Problem description =
Below are the records. Retype, exactly, the lines from the first through the line with "Premium Washable Super", and leave out the pictures.

Brief descriptive captions =
===

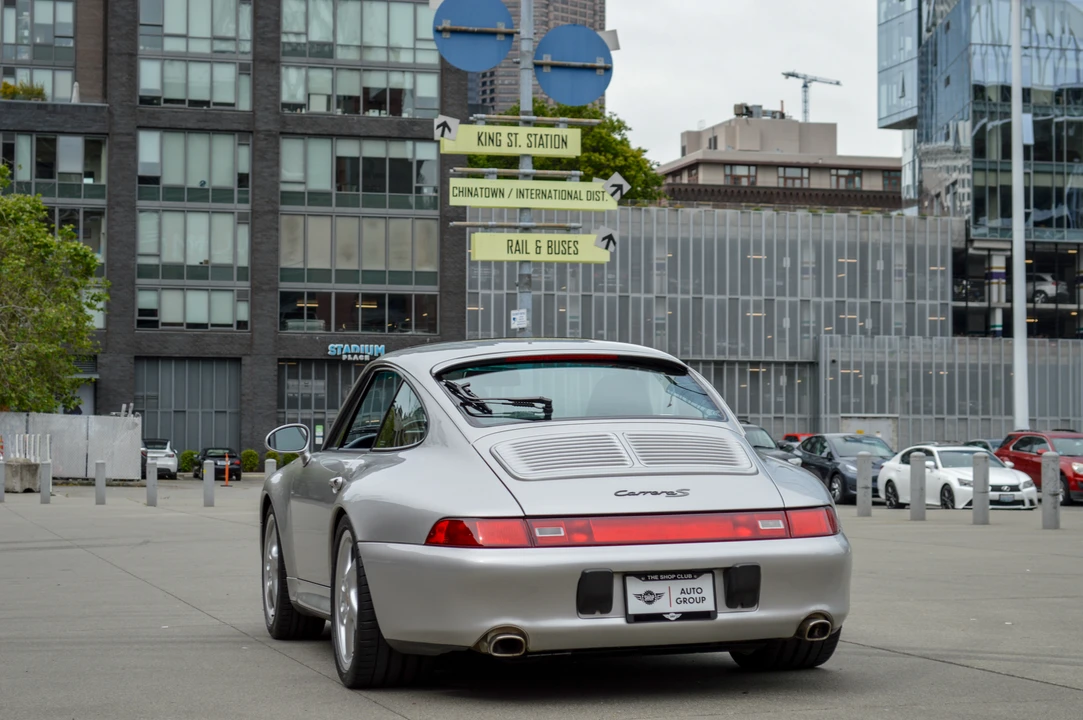 1998 Porsche 993 Carrera - Image 12 of 31
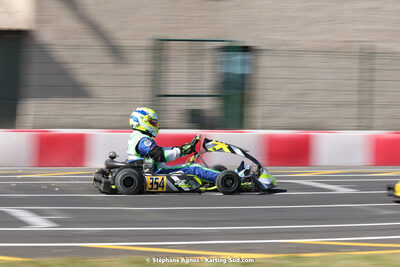 08 & 09/04/2023 : 3ème manche du Championnat du Sud à Fun Kart Brissac (photos Stéphane Agnus) 2023 — karting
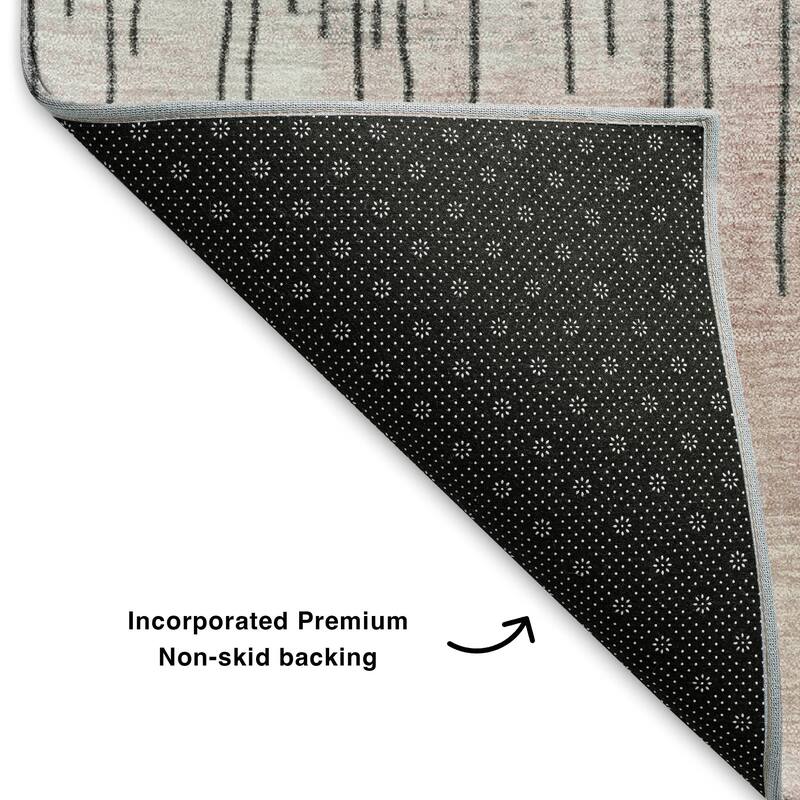 Premium Washable Super Soft Modern Glam Mayfield Rug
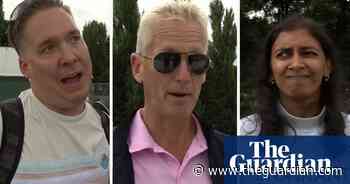 Wimbledon fans give their thoughts on the ban of Russian and Belarusian players – video
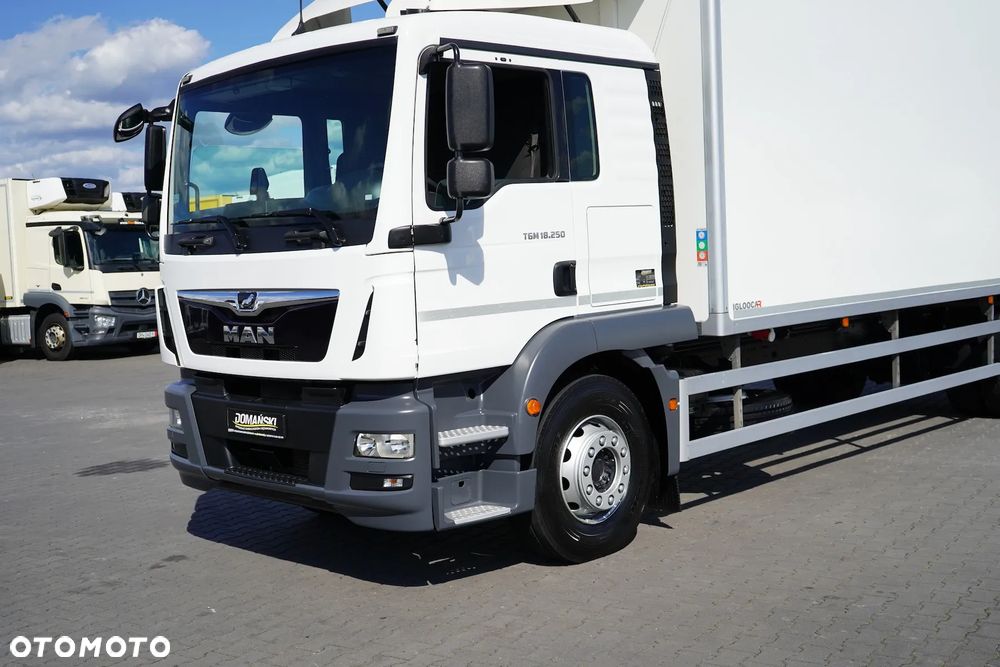 MAN / TGM / 18.250 / EURO 6 / CHŁODNIA + WINDA / ŁAD. 9 010 KG / 19 PALET - 23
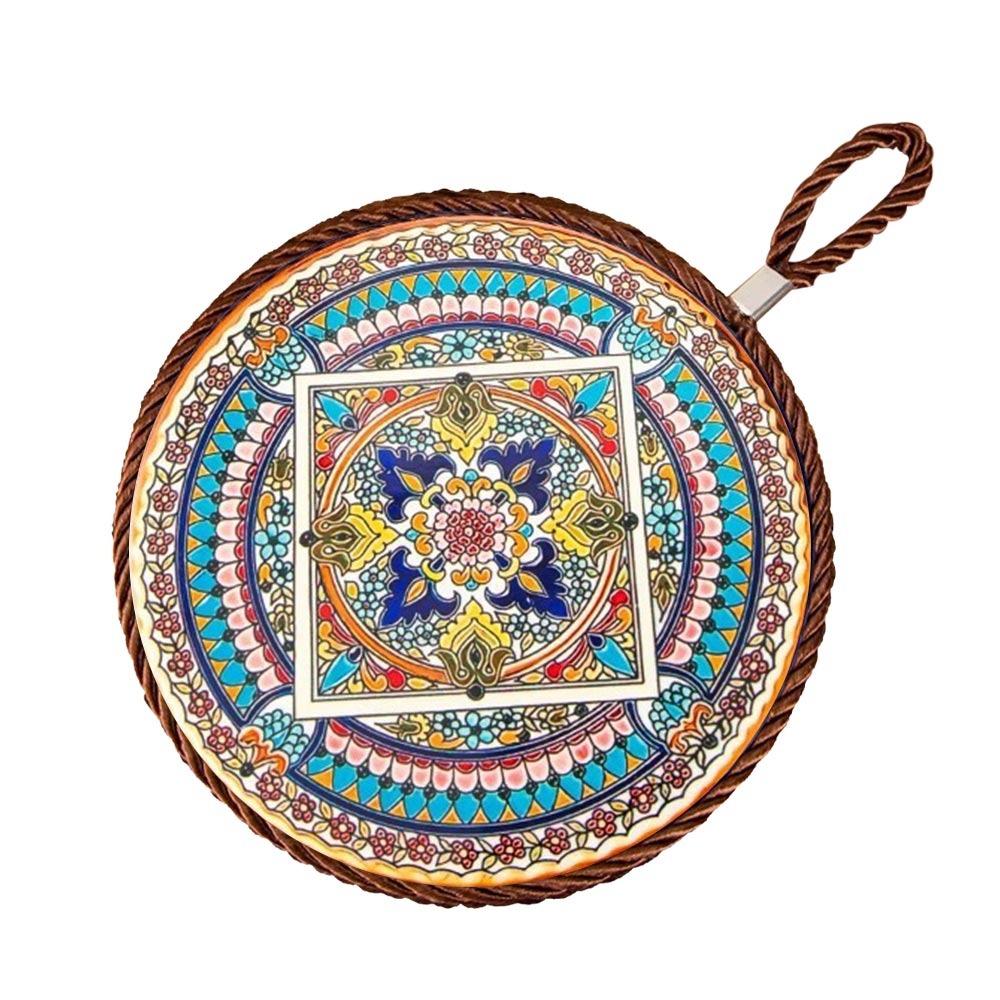 Round Coffee Coaster Anti-scalding Coffee Cup Table Mat Useful Table Placemat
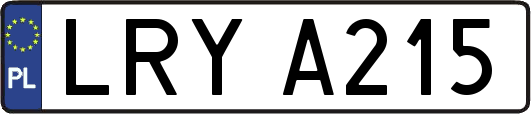 LRYA215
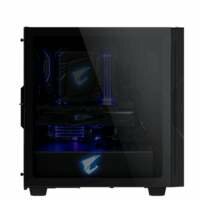 Gigabyte AORUS C300 Glass | Midi Tower Case | Zwart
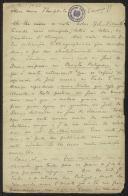 Carta de Joaquim de Araújo a Teófilo Braga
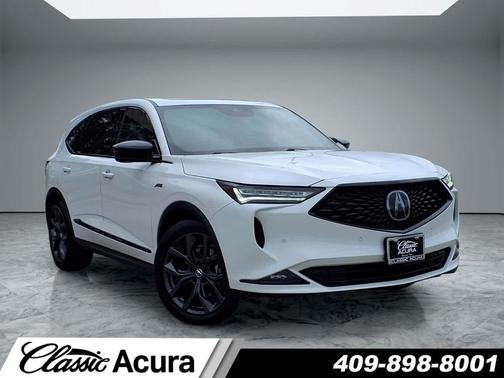 Platinum White Pearl 2024 Acura MDX A-SPEC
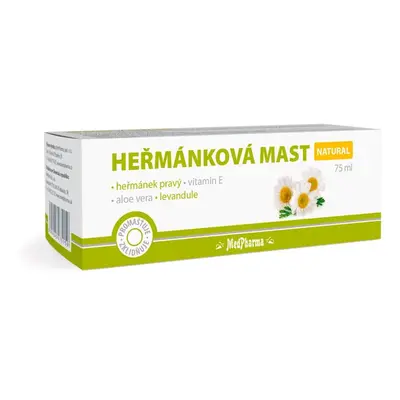 MedPharma Heřmánková mast NATURAL 75ml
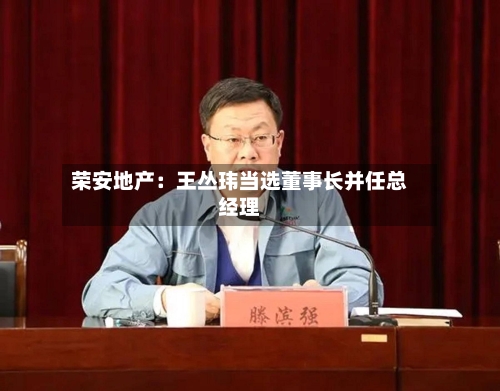 荣安地产:王丛玮当选董事长并任总经理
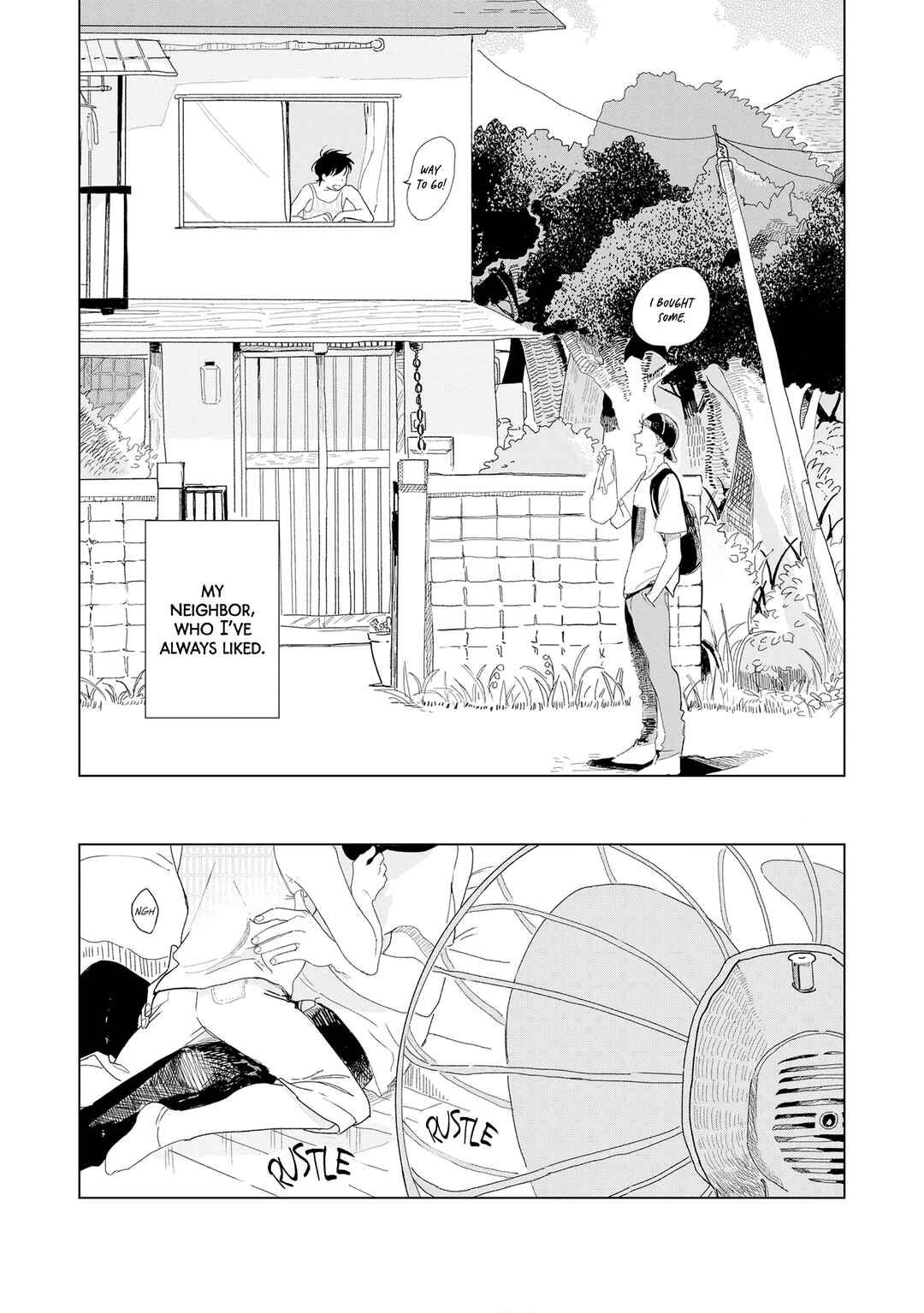 Page 4 Chapter 4 Tantan to Tanto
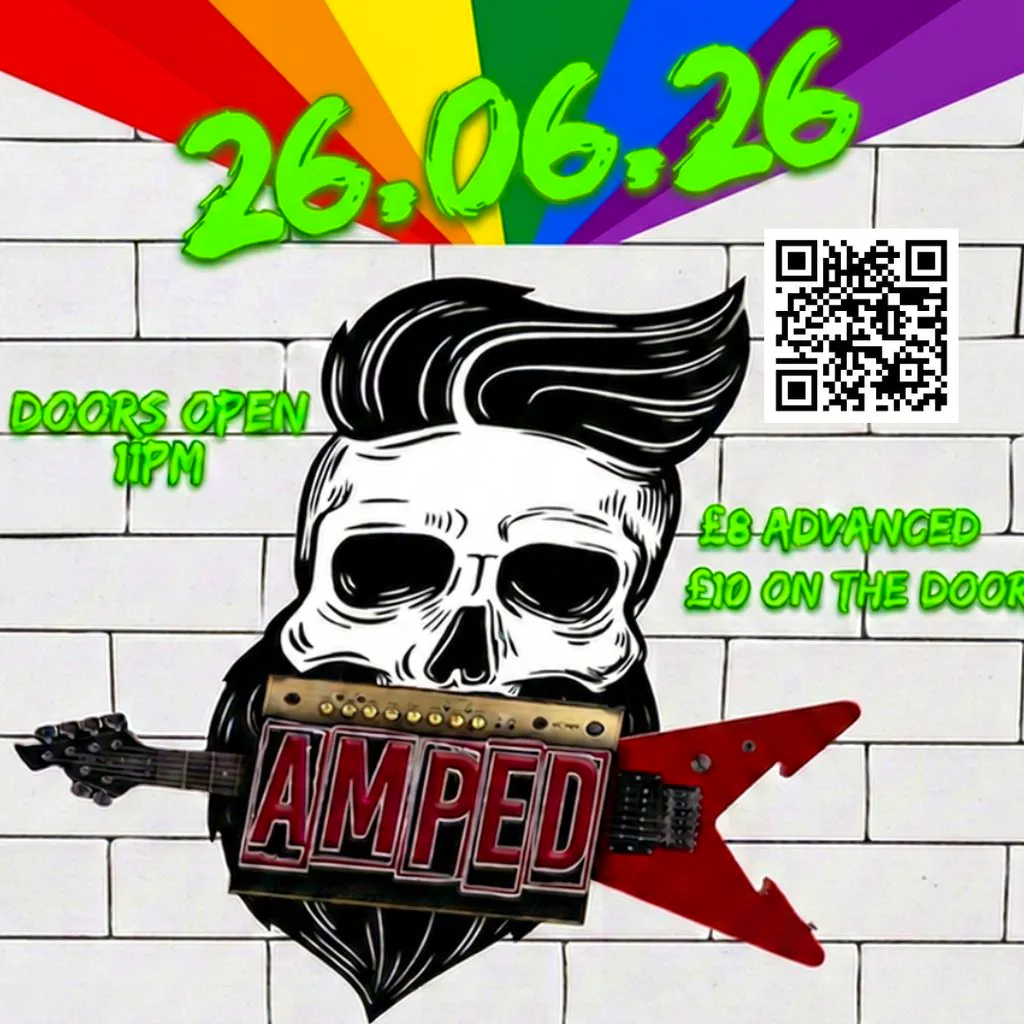 Amped June at Eagle Bar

===

Exercise result =
 1998 Porsche 993 Carrera - Image 12 of 31
 08 & 09/04/2023 : 3ème manche du Championnat du Sud à Fun Kart Brissac (photos Stéphane Agnus) 2023 — karting
 Premium Washable Super Soft Modern Glam Mayfield Rug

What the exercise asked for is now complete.